Now, since the driver has exclusive access to the mbuf, it is free to
initialize the 'm->next' and 'm->nb_segs' at any time.
It could do that when preparing the Tx descriptor.
This is very interesting, because it means that fast-free does not
prohibit segmented packets!
(But the driver must have sufficient Tx descriptors for all segments in
the mbuf.)
Now, lets dig into rte_pktmbuf_prefree_seg()'s block handling non-direct
mbufs, i.e. cloned mbufs and mbufs with external buffer:
if (unlikely(!RTE_MBUF_DIRECT(m))) {
rte_pktmbuf_detach(m);
if (RTE_MBUF_HAS_EXTBUF(m) &&
RTE_MBUF_HAS_PINNED_EXTBUF(m) &&
__rte_pktmbuf_pinned_extbuf_decref(m))
return NULL;
}
Starting with rte_pktmbuf_detach():
static inline void rte_pktmbuf_detach(struct rte_mbuf *m)
{
struct rte_mempool *mp = m->pool;
uint32_t mbuf_size, buf_len;
uint16_t priv_size;
if (RTE_MBUF_HAS_EXTBUF(m)) {
/*
* The mbuf has the external attached buffer,
* we should check the type of the memory pool where
* the mbuf was allocated from to detect the pinned
* external buffer.
*/
uint32_t flags = rte_pktmbuf_priv_flags(mp);
if (flags & RTE_PKTMBUF_POOL_F_PINNED_EXT_BUF) {
/*
* The pinned external buffer should not be
* detached from its backing mbuf, just exit.
*/
return;
}
__rte_pktmbuf_free_extbuf(m);
} else {
__rte_pktmbuf_free_direct(m);
}
priv_size = rte_pktmbuf_priv_size(mp);
mbuf_size = (uint32_t)(sizeof(struct rte_mbuf) + priv_size);
buf_len = rte_pktmbuf_data_room_size(mp);
m->priv_size = priv_size;
m->buf_addr = (char *)m + mbuf_size;
rte_mbuf_iova_set(m, rte_mempool_virt2iova(m) + mbuf_size);
m->buf_len = (uint16_t)buf_len;
rte_pktmbuf_reset_headroom(m);
m->data_len = 0;
m->ol_flags = 0;
}
The only quick and simple code path through this function is when the mbuf
uses a pinned external buffer:
if (RTE_MBUF_HAS_EXTBUF(m)) {
uint32_t flags = rte_pktmbuf_priv_flags(mp);
if (flags & RTE_PKTMBUF_POOL_F_PINNED_EXT_BUF)
return;
REQUIREMENT 3: The mbuf must not be cloned or use a non-pinned external buffer.

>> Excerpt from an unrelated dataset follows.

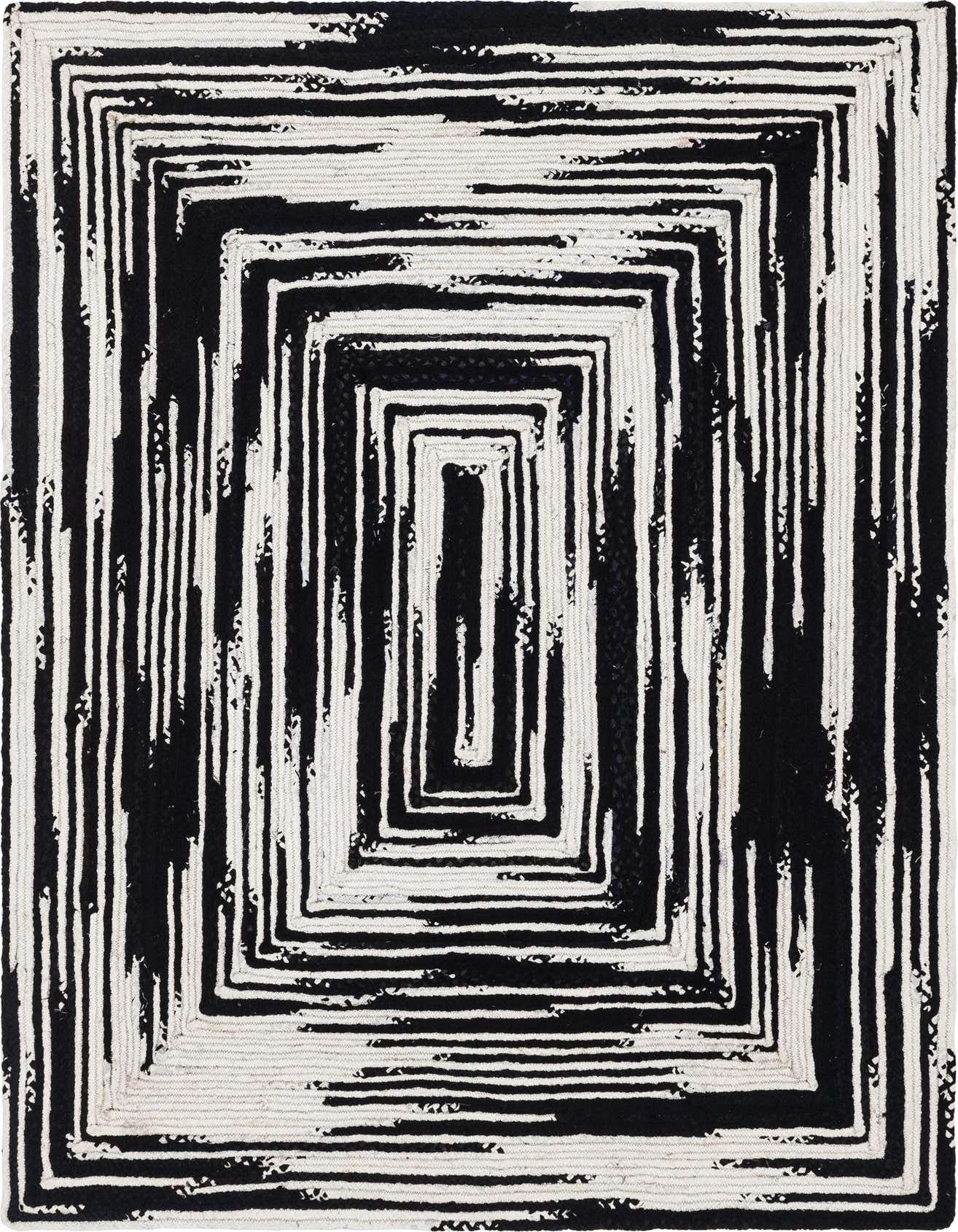 A 6x9 rectangular black and white braided chindi rug with an abstract, concentric rectangular pattern, ideal for a living room.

Continuing with the next part of rte_pktmbuf_prefree_seg()'s block:
if (RTE_MBUF_HAS_EXTBUF(m) &&
RTE_MBUF_HAS_PINNED_EXTBUF(m) &&
__rte_pktmbuf_pinned_extbuf_decref(m))
return NULL;
Continuing with the next part of the block in rte_pktmbuf_prefree_seg():
/**
* @internal Handle the packet mbufs with attached pinned external buffer
* on the mbuf freeing:
*
* - return zero if reference counter in shinfo is one. It means there is
* no more reference to this pinned buffer and mbuf can be returned to
* the pool
*
* - otherwise (if reference counter is not one), decrement reference
* counter and return non-zero value to prevent freeing the backing mbuf.
*
* Returns non zero if mbuf should not be freed.
*/
static inline int __rte_pktmbuf_pinned_extbuf_decref(struct rte_mbuf *m)
{
struct rte_mbuf_ext_shared_info *shinfo;
/* Clear flags, mbuf is being freed. */
m->ol_flags = RTE_MBUF_F_EXTERNAL;
shinfo = m->shinfo;
/* Optimize for performance - do not dec/reinit */
if (likely(rte_mbuf_ext_refcnt_read(shinfo) == 1))
return 0;
/*
* Direct usage of add primitive to avoid
* duplication of comparing with one.
*/
if (likely(rte_atomic_fetch_add_explicit(&shinfo->refcnt, -1,
rte_memory_order_acq_rel) - 1))
return 1;
/* Reinitialize counter before mbuf freeing. */
rte_mbuf_ext_refcnt_set(shinfo, 1);
return 0;
}
Essentially, if the mbuf does use a pinned external buffer,
rte_pktmbuf_prefree_seg() only succeeds if that pinned external buffer is
only referred to by the mbuf.
REQUIREMENT 4: If the mbuf uses a pinned external buffer, the mbuf must
hold the only reference to that pinned external buffer, i.e. in that case,
'm->shinfo->refcnt' must be 1.
Please review.
If I'm not mistaken, the mbuf library is not a barrier for fast-freeing
segmented packet mbufs, and thus fast-free of jumbo frames is possible.
We need a driver developer to confirm that my suggested approach -
resetting the mbuf fields, incl. 'm->nb_segs' and 'm->next', when
preparing the Tx descriptor - is viable.